In the case of the Brexit vote, it had a narrow margin of victory and a scientifically unsound one at that. In no small part due to the propensity of errors to result from accepting outcomes which are either inconclusive, or otherwise don’t disprove the null. Setting a 50% threshold assumes zero type 1 and type 2 errors in the statistics, which we know for a fact is false. Since recounts don’t always give the same result.
When you allow the threshold to be where chance is, the smallest error can influence the result. This is where Cambridge Analytica’s work, which Chris rightly infers doesn’t influence huge swings in elections to any great degree, comes into its own. Since you literally only need to swing one more person than the other side, given a similar population segment side on each, to declare that [an inconclusive result] Leave had won. It could even be a byproduct of timing.
The net effect of this statistical segmentation together with appropriate marketing targeting activity, is to produce a large enough shift to even swing one undecided voter in the event of a hanged result. Arguably, something, did just that, but the undecided voters split both ways on the day (though the last two of these are a small number of data points. Treat this with care).
Indeed, Cambridge Analytica themselves, wild claims or not, only claim they can shift a result by 2 to 3 percentage points.

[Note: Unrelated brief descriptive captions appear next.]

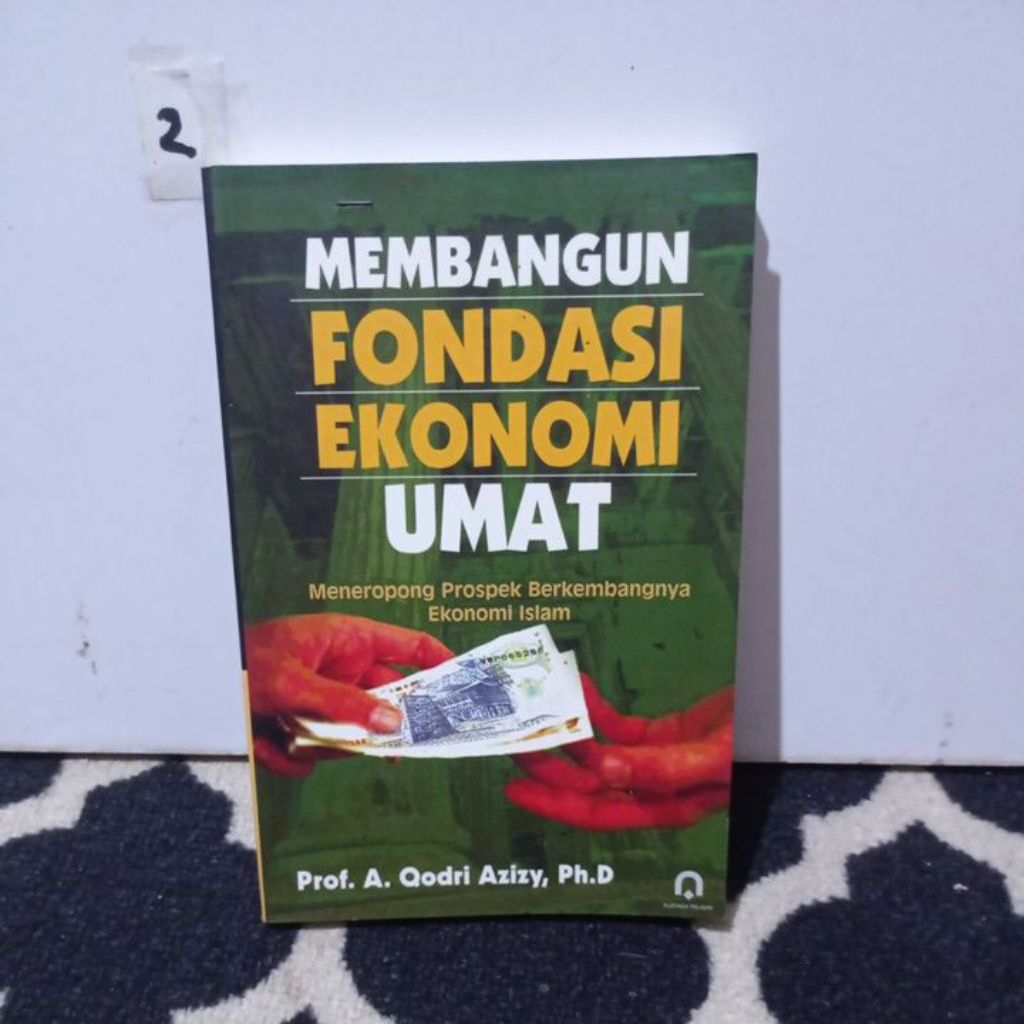 BUKU MEMBANGUN FONDASI EKONOMI UMAT.     PROF. A. QODRI AZIZY,  Ph. D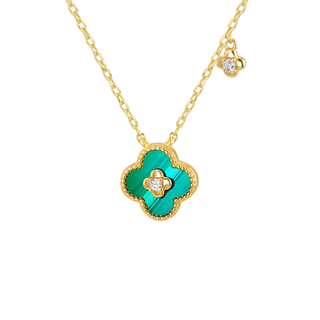Gold necklace with a green clover pendant on a white background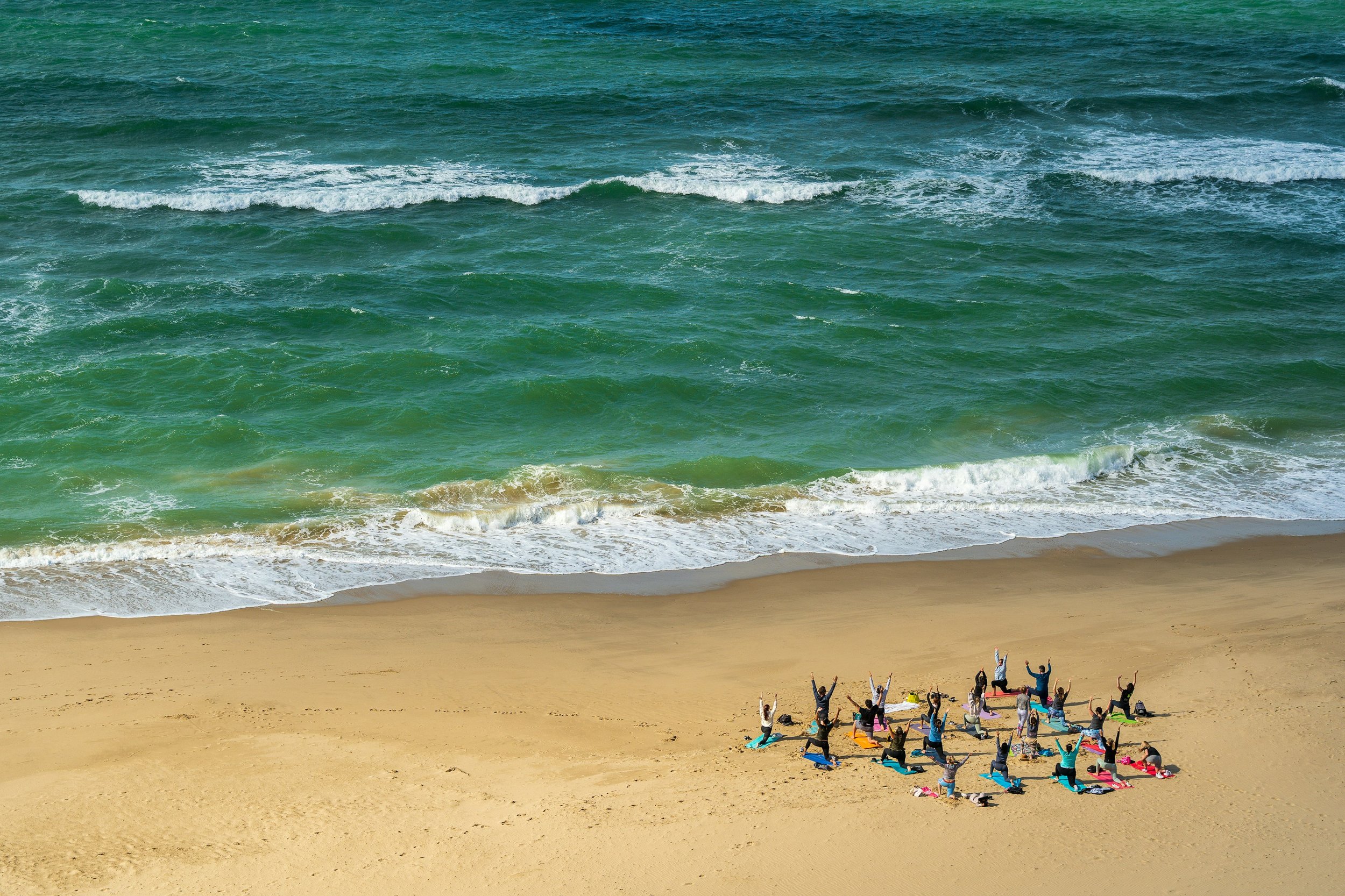Aerial view of a yoga class practising on the sand beside breaking surf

Carole and the Guardian had to distill all this to an audience who know next to nothing about writing services, writing Facebook Apps, setting Facebook permissions for code or consuming REST API’s using OAuth. It’s way too complex for a general public unfamiliar with programming. Hence, personally, I think they’ve done a superb job! The Guardian and Carole both did an absolutely sterling job of bringing data privacy and the use of personal information in advertising and political campaigning to the a mainstream population, whether intentional or not. None of us in tech could do that. Even though some of us in the tech world have been writing about Cambridge Analytica for a year to 18 months before the story broke.
The key takeaway is that while that 2 - 3% alone would not be sufficient in a well run, robust, super-majority election, it would definitely be enough in the event the threshold is the same as flipping a coin. That to me, is by far the most dangerous thing about the whole escapade and why the result itself is fundamentally unsound. It makes the result even susceptible to the wind blowing the wrong way, people voting for a joke, or protest, or [this doosie] because they didn’t think their vote counted. This is where both myself and I sense Chris, agree. At that threshold of 50% the effect of confounding variables is magnified very significantly, and Cambridge Analytica, together with the weather, the side of the bed and everything else, while theoretical co-defendants in this court, also existed for the Remain side and the undecided swing for Leave and Remain on the day wasn’t sufficiently different.
The crucial analytical takeaway is that the threshold of 50% magnifies the effects of those techniques employed by Cambridge Analytica, or indeed, any competent digital marketing agency. It makes them very viable indeed. Since they can and only need to sway small numbers and in the narrow margin, those small numbers become very, very big indeed!